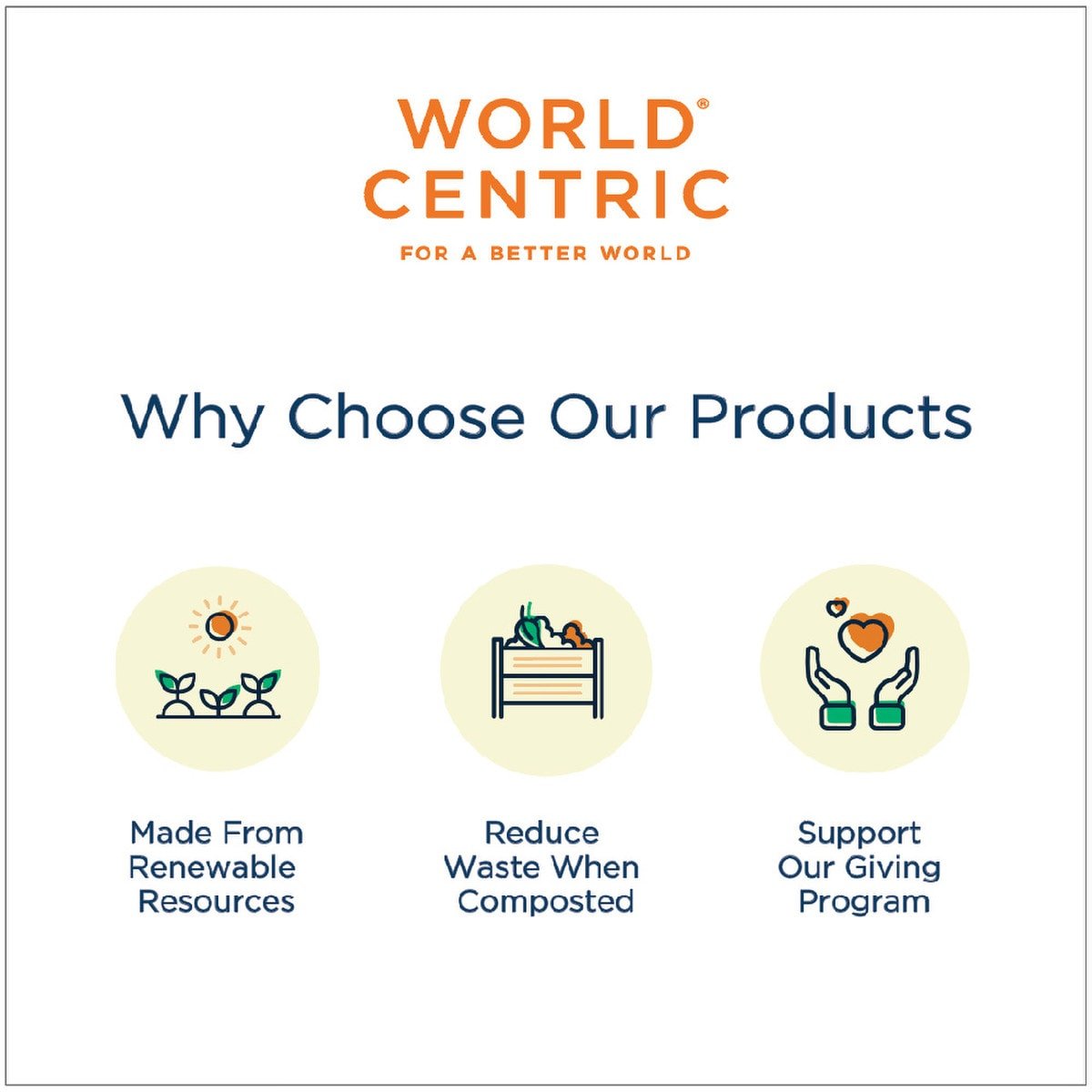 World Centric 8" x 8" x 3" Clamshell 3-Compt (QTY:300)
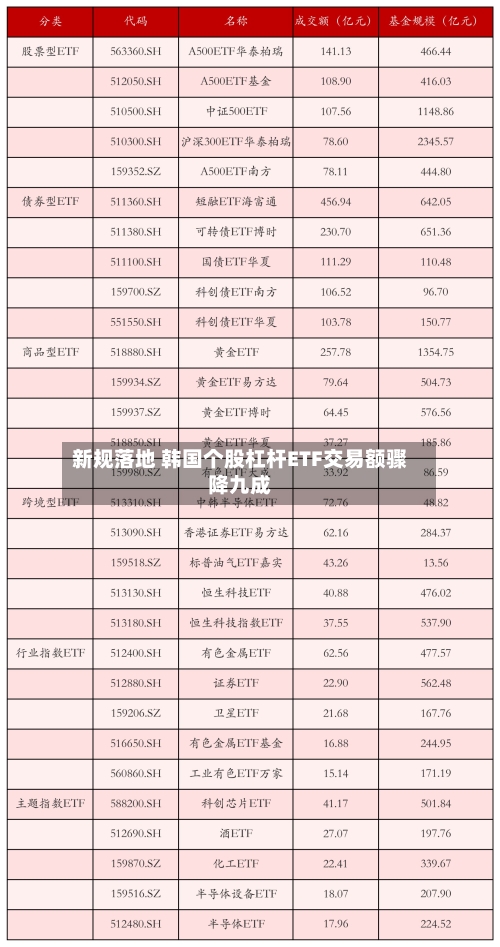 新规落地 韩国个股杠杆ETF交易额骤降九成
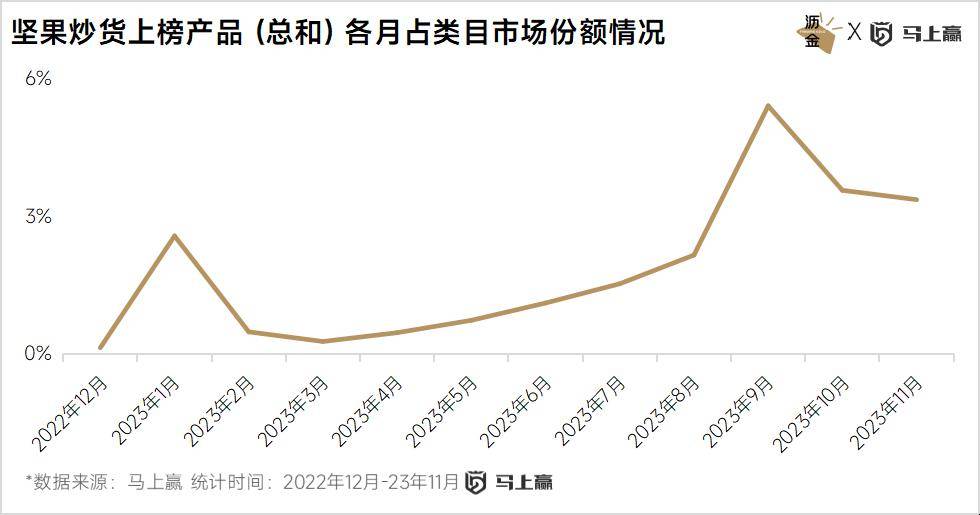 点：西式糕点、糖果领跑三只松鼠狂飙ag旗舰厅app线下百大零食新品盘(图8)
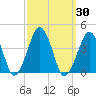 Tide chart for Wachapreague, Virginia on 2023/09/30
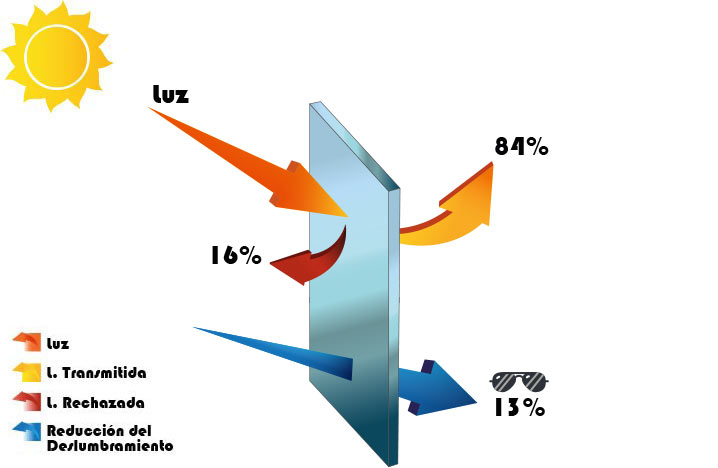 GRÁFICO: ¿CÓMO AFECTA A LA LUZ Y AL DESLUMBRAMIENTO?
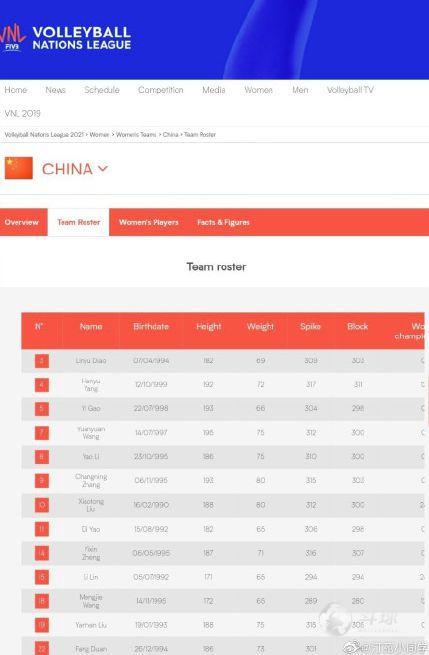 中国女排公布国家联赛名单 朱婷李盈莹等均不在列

+ + + + +

WORK ORDER: In your output, include only the lines from the line containing "Tide chart for" through the last line of the material above, exactly as they appear, and leave out the pictures.

OUTPUT BELOW:
 Tide chart for Wachapreague, Virginia on 2023/09/30
 GRÁFICO: ¿CÓMO AFECTA A LA LUZ Y AL DESLUMBRAMIENTO?
 中国女排公布国家联赛名单 朱婷李盈莹等均不在列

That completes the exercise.